:: ASSIGNED TASK ::
In the entries that follow, the first line to write out is the one containing "Townhouse in Delray", and the last is the one containing "Preto Usado 2019". Reproduce that stretch exactly, with nothing before or after it.

....

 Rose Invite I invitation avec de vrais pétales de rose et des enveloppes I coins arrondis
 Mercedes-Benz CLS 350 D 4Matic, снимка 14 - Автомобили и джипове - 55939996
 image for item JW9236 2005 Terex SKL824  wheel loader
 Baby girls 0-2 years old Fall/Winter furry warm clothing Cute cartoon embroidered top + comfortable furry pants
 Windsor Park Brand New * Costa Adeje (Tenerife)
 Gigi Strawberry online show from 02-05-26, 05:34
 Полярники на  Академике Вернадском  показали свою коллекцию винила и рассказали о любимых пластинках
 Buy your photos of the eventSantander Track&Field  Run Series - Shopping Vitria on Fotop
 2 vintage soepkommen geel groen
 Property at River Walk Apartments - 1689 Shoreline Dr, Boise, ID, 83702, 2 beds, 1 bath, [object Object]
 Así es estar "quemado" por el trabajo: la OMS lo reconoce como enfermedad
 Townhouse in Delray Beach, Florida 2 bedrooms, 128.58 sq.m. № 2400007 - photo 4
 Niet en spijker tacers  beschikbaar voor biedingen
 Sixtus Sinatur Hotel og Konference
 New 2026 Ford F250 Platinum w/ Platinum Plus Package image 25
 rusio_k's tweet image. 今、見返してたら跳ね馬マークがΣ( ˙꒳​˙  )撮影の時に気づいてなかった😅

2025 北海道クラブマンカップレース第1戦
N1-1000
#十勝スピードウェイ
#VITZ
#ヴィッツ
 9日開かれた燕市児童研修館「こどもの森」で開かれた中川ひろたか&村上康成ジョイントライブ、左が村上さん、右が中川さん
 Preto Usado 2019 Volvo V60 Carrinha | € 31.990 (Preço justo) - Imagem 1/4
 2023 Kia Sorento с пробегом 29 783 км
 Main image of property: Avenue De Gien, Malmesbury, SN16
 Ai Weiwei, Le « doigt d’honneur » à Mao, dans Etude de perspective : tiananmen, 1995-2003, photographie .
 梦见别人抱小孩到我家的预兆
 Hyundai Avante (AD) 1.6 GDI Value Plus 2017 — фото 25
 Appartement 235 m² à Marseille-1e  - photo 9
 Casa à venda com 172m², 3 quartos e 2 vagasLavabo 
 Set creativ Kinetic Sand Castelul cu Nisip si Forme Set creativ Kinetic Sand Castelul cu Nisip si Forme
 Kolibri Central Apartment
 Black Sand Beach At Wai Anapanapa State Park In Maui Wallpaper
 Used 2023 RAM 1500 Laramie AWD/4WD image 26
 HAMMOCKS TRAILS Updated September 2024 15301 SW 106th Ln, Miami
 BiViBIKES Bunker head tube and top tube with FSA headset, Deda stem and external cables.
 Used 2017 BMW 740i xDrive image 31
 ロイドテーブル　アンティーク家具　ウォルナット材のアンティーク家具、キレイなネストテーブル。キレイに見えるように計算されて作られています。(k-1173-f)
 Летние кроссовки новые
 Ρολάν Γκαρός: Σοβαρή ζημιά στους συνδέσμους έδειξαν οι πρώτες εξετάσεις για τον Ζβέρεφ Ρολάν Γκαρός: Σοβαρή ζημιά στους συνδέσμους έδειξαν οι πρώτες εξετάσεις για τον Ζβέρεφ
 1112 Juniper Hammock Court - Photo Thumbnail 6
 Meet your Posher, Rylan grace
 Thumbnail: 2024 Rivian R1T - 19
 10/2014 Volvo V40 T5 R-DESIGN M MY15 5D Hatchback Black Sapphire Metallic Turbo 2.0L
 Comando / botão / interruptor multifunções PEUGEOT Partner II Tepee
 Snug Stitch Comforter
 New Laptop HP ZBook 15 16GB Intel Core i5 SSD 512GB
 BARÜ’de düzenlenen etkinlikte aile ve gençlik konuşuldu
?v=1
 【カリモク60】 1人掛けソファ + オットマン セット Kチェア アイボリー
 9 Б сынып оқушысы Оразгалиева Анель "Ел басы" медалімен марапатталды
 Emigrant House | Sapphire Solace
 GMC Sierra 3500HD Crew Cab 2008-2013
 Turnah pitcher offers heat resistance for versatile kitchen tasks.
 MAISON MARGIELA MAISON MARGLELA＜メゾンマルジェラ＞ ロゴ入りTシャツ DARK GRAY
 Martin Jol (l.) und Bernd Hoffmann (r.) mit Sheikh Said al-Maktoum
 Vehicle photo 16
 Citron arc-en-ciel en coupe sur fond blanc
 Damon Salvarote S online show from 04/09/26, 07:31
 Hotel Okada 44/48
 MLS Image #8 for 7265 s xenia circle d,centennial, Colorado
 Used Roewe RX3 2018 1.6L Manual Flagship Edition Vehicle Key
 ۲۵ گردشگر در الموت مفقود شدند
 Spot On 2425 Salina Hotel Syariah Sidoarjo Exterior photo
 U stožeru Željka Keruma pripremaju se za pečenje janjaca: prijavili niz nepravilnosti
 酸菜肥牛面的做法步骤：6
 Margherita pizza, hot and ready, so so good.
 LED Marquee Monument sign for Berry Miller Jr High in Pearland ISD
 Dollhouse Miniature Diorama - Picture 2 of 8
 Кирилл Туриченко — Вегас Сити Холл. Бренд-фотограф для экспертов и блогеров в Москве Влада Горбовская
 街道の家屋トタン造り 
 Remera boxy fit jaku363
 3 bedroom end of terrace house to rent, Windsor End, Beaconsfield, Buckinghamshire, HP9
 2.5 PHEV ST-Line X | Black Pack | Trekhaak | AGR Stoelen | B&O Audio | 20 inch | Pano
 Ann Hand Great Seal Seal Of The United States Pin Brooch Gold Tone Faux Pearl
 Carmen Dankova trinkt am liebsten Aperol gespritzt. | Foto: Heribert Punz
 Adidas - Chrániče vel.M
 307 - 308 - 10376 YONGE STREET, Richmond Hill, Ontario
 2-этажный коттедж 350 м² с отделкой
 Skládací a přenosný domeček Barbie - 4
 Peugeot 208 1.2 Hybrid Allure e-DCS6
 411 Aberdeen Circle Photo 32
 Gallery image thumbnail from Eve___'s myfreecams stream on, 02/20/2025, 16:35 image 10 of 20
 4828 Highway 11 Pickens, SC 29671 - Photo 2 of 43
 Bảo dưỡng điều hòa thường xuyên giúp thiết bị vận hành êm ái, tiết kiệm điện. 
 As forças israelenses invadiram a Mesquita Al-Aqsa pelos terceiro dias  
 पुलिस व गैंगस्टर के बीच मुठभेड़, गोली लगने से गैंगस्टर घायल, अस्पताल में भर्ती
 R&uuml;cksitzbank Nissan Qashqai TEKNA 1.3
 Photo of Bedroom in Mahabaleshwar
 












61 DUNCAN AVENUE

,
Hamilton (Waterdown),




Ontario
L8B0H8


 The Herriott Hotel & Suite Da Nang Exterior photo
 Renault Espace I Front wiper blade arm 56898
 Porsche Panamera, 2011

....

:: SOLUTION ::
 Townhouse in Delray Beach, Florida 2 bedrooms, 128.58 sq.m. № 2400007 - photo 4
 Niet en spijker tacers  beschikbaar voor biedingen
 Sixtus Sinatur Hotel og Konference
 New 2026 Ford F250 Platinum w/ Platinum Plus Package image 25
 rusio_k's tweet image. 今、見返してたら跳ね馬マークがΣ( ˙꒳​˙  )撮影の時に気づいてなかった😅

2025 北海道クラブマンカップレース第1戦
N1-1000
#十勝スピードウェイ
#VITZ
#ヴィッツ
 9日開かれた燕市児童研修館「こどもの森」で開かれた中川ひろたか&村上康成ジョイントライブ、左が村上さん、右が中川さん
 Preto Usado 2019 Volvo V60 Carrinha | € 31.990 (Preço justo) - Imagem 1/4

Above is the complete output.